Trains are the source of many fond childhood memories. My grandparents lived near train tracks when I was growing up. Every kid in the neighborhood used the train tracks as a playground. A kid might wander for miles along the tracks, put a penny on the track for the train to flatten, or explore the wild, tangled foliage on either side where overgrown vines created tunnels and trails.
Twice a day the train would pass on those train tracks. The trains would lumber past like massive huffing steeds. The metal on metal wheels on tracks produced a sound like rhythmic, monstrous pounding hooves. At a safe distance, we found it intoxicating.
A fascination for trains is hardly exclusive to kids, though. The Morton Museum of Collierville History recently celebrated an exhibit, “When We Rode ‘Mike’: The Somerville Accommodation Train, 1914-1920.” I’d never heard of “Mike,” so I did some research and stumbled upon an article published in the Tennessee Historical Society Quarterly in 1959 by Alfred H. Holden.
Holden recounted personal experiences on the passenger train that endeared the community to engineer Mike Brady and the train conductor George Greer Higgins, affectionately called Cap’n Higgins. Brady was so loved by everyone on the route from Memphis to Somerville, the train was called “Mike.” Holden would board the train at the Collierville station but was sweet on a girl who lived in Germantown. He recounts in his article that while courting her, he was inclined to use the Germantown station more and more. They eventually married, and both used the Germantown station.
Trains are useful tools for transporting goods on cargo trains, people on passenger trains, and — once upon a time — a daily commute. It is good, too, to have a healthy respect for trains. As much as they are useful, they can be dangerous.
Before the Occupational Safety and Health Act (OSHA) and other modern-day safety regulations were put into place, Lionel “Mac” McCoy was involved in an accident in the railyard where he worked. McCoy was standing between two trains when the brakes failed on one. It rolled back, severing his body at the waist. They called his wife Lena to come to the yard and have last words with him before they pulled the trains apart. Once they pulled the trains apart, he would be gone. They kept him alive until she got there.
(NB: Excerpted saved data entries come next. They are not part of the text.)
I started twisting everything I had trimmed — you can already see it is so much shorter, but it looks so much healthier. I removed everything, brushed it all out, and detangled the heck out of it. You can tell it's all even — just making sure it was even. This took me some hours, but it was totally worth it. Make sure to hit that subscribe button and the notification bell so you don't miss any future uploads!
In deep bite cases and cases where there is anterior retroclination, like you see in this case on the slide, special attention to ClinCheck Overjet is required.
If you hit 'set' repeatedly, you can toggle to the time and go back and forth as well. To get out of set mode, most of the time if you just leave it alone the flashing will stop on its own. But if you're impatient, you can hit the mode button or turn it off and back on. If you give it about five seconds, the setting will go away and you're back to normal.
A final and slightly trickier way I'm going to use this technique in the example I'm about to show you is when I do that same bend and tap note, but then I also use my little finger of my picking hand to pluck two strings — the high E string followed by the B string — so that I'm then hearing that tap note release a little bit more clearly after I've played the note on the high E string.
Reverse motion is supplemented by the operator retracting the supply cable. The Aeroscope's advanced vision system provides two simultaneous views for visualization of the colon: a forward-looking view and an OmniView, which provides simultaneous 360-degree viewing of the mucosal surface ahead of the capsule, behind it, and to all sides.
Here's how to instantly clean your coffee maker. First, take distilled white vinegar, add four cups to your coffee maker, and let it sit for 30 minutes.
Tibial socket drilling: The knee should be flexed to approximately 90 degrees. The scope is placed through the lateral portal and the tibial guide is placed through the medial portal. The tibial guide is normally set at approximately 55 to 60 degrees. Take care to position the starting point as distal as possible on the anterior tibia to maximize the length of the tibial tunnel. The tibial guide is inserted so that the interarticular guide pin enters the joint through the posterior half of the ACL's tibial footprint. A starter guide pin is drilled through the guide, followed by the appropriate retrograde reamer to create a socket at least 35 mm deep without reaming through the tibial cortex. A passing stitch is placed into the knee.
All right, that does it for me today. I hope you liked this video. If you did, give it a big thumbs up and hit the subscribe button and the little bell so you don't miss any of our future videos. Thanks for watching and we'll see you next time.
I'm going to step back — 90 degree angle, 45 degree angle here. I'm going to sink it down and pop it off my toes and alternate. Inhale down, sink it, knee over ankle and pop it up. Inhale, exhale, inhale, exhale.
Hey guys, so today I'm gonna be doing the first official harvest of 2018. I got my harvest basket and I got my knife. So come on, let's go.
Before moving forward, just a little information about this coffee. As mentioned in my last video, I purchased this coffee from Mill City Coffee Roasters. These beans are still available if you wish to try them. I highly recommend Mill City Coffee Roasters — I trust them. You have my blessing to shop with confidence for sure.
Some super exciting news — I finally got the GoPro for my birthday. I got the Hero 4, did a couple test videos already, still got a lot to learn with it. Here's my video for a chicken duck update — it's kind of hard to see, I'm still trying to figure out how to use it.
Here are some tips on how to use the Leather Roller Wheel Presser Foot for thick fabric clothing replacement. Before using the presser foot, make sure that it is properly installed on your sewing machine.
The McCoys were my great aunt and uncle. The story was tragic and told as a cautionary tale at family gatherings. As a child, I had a healthy respect for trains.
Somewhere along the way to adulthood, through books, movies, and songs perhaps, trains were romanticized. Agatha Christie’s Hercule Poirot solved a murder on the Orient Express. Butch Cassidy and the Sundance Kid robbed the Union Pacific Overland Flyer. Gladys Knight took the midnight train to Georgia, and the Monkees took the last train to Clarksville while Ozzy Osbourne hunkered down on the crazy train.
A few months ago, a friend called me. He was agitated. He was standing at one of the most dangerous railroad crossings in the country, according to a 2016 U.S. Department of Transportation’s Federal Railroad Administration report. There are only 15 locations listed on this most dangerous list. That crossing is located at Castalia and Lowell in South Memphis. A pedestrian had been struck and killed by a train. The police were filling body bags with parts of the victim’s body as “kids and adults were still crossing the tracks on foot.”
The City of Memphis installed a pedestrian bridge at the crossing after the 2016 report was released, but, according to my friend, it’s rarely used. He says that pedestrians, especially kids, still need education on railroad safety. He should know. My friend lost a leg in a railyard accident. Needless railroad deaths and injuries are personal for him.
I’m a product of the 1970s program for kids called Safety Town, sponsored by local police and fire departments, the Jaycees, Kiwanis, PTA, and other civic groups. We were taught, among other things, railroad crossing safety. Maybe it’s time to revive the program. Not only was it fun, it was informative.
No one can outrun over 200 tons of metal galloping at speeds in excess of 50 mph. The fastest human alive, Jamaican sprinter Usain Bolt, can only run 23.35 mph. You can stop. The train can’t. If you must try to outrun it, it’s always best to do so while crossing the pedestrian bridge. The view is much better from the bridge than six feet under.
Julie Ray is the Flyer calendar editor.